__Activity__
Working from the records below, repeat exactly the lines starting at the line that contains "Blastoise (36) - - Rare - Reverse Holofoil" and ending at the line that contains "プティエルセーヌ 本厚木駅前店の地図画像", inclusive.

__Records provided__
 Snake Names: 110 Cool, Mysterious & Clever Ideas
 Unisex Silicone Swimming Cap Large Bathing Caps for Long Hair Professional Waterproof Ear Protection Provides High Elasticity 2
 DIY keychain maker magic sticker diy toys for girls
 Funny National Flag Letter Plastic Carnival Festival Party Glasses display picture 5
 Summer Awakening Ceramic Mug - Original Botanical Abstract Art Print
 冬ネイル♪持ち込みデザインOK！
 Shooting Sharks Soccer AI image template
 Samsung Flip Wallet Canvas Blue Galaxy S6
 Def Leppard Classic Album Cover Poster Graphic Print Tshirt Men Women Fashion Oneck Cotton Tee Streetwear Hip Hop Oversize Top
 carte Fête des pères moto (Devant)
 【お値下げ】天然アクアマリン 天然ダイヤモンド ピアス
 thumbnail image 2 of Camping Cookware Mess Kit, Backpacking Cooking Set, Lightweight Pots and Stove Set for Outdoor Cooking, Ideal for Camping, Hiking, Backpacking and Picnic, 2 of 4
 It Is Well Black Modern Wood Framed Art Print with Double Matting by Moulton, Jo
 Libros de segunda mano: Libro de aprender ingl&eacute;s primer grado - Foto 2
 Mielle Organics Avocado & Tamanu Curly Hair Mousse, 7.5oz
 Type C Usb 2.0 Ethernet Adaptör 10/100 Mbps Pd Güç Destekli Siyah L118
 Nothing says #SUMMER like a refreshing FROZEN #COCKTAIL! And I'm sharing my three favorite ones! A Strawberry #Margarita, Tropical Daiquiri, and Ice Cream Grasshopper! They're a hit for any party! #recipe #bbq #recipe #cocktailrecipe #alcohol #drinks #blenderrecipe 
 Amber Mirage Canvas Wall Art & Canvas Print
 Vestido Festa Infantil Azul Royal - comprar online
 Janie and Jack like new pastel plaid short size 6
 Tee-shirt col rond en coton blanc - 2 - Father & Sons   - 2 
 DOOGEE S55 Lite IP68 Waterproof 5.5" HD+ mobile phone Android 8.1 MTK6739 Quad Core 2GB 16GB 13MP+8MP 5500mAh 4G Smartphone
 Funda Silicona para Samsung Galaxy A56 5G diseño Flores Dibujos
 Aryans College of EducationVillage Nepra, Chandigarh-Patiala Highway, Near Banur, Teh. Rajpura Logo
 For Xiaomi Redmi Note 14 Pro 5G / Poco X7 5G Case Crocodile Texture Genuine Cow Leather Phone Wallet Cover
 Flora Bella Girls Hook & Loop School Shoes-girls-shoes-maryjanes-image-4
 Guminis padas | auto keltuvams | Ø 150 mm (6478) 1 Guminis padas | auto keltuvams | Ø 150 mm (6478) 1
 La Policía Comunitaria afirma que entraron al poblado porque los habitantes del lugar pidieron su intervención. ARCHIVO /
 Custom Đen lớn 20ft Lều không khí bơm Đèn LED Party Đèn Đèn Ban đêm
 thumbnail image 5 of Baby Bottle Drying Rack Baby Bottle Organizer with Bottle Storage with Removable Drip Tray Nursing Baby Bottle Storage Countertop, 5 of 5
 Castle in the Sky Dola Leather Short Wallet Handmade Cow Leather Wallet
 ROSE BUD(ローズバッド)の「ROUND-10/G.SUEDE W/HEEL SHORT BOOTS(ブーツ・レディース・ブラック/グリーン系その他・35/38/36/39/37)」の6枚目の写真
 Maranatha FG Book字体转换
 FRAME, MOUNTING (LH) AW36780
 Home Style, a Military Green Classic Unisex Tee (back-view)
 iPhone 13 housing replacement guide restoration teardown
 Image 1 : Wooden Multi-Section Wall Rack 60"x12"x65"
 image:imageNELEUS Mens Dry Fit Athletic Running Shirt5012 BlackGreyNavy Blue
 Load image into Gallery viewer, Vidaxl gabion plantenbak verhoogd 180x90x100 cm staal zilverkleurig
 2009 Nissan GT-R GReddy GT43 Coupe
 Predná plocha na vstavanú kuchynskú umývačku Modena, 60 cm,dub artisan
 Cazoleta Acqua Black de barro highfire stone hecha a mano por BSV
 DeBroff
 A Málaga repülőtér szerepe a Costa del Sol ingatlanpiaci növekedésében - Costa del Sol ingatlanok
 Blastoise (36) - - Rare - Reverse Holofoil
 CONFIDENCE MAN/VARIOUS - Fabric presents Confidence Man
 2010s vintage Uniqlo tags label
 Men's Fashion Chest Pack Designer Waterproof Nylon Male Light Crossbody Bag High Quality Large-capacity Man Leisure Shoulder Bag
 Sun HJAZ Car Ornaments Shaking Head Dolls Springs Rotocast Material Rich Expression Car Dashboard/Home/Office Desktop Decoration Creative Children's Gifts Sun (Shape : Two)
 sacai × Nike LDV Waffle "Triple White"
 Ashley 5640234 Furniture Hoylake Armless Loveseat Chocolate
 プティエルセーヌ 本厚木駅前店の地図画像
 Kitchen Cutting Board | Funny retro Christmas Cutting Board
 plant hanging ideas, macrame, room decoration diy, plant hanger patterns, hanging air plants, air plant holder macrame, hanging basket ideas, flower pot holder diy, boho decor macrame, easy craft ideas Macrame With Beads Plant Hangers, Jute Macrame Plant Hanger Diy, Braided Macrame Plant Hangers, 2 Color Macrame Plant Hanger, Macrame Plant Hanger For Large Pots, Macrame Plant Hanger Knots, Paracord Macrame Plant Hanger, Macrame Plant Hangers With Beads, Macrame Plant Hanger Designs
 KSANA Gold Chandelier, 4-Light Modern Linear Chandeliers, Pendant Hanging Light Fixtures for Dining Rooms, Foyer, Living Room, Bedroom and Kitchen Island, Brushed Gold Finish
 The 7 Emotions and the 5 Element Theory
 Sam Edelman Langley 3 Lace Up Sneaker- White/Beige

__Written solution__
 Blastoise (36) - - Rare - Reverse Holofoil
 CONFIDENCE MAN/VARIOUS - Fabric presents Confidence Man
 2010s vintage Uniqlo tags label
 Men's Fashion Chest Pack Designer Waterproof Nylon Male Light Crossbody Bag High Quality Large-capacity Man Leisure Shoulder Bag
 Sun HJAZ Car Ornaments Shaking Head Dolls Springs Rotocast Material Rich Expression Car Dashboard/Home/Office Desktop Decoration Creative Children's Gifts Sun (Shape : Two)
 sacai × Nike LDV Waffle "Triple White"
 Ashley 5640234 Furniture Hoylake Armless Loveseat Chocolate
 プティエルセーヌ 本厚木駅前店の地図画像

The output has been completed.